This map plots the settings and references in Imperium
To start exploring, click a red pin
Ancient Rome was a city in central-west Italy on the river Tiber, built on seven hills: the Capitoline, Aventine, Caelian, Palatine, Esquiline, Viminal, and the Quirinal. The modern city was built on top of the ancient one; some landmarks and ruins remain, and more are discovered with each new excavation.
Houses in Rome would range from the luxurious villas atop the hills to the modest townhouses and insulae (blocks of flats) crowded in the city, and the slum blocks of the very poor. Rome’s main food markets included the Forum Boarium and the Emporium; shops, businesses and bars will have lined the streets of these areas. Rome’s main port city was Ostia. The Forum Romanum was an open square between the Capitoline and Palatine hills where business, public meetings and the law courts were held. The Games (public entertainment) were held in the Circus Maximus. Outside the city walls was the Campus Martius (Field of Mars) where the public voting was held. During Cicero’s time this field would have been mainly open land, but was later the site of extensive building work and monuments.
Walking around Rome in the 1st century BC, a visitor would see many small temples to various Roman gods. These were usually dedicated by individuals or families as personal acts of piety. Larger public temples such as the Temple of Vesta, the Temple of Castor and Pollux, and the Temple of Jupiter Optimus Maximus on the Capitol would also be visible. The streets of Rome would have been narrow, lined with blocks of flats or two-storey townhouses. They had a raised pavement for pedestrians, with a central channel for carts and horses. At intervals, stepping stones across would allow people to cross the street without having to tread in the dirt and animal excrement in the road. Above all, Rome would be a busy, bustling place – the powerful capital of a growing empire.

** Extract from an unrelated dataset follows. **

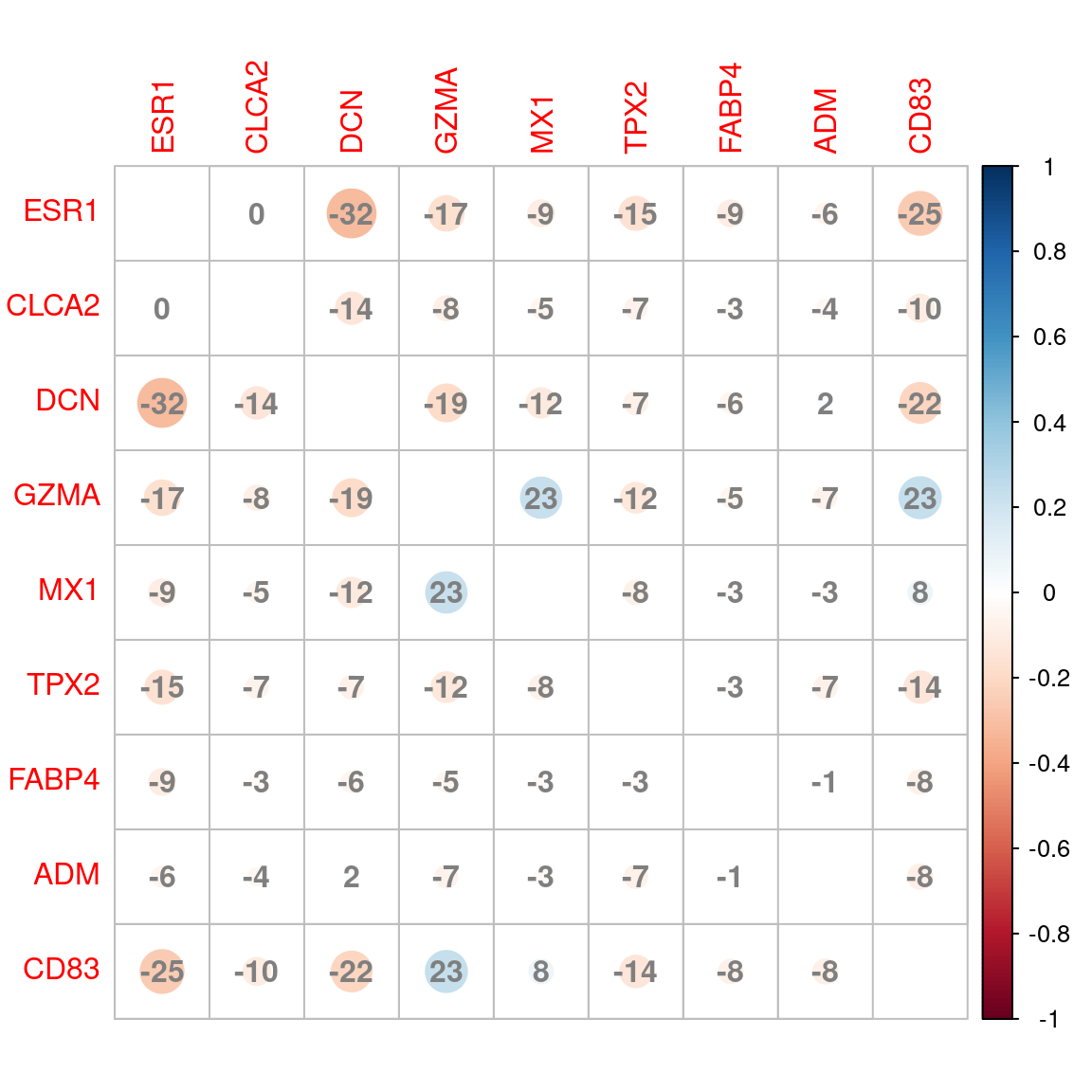Correlation plot between signatures based on shared genes between groups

The Forum Romanum is where much of the action in Imperium takes place. The building labelled Curia is the Senate House, the basilicas are where important business and law courts were held, the Carcer is the prison of Rome, and the Rostra is the platform for public speaking.
As one of the main sources of grain for Rome (the others being North Africa and Egypt), Sicily was an important Roman province. Sicily supported both Phoenician and ancient Greek colonies, with Greek cities established on the east side of the island, Phoenician cities on the west, and the original inhabitants such as the Sicani pushed into the centre of the island. Gradually the original tribes were absorbed into the colonised settlements. Sicily by Cicero’s time was a fairly diverse place, with Greeks, Phoenicians and Romans, as well as their various cults, temples and gods, all mingling together.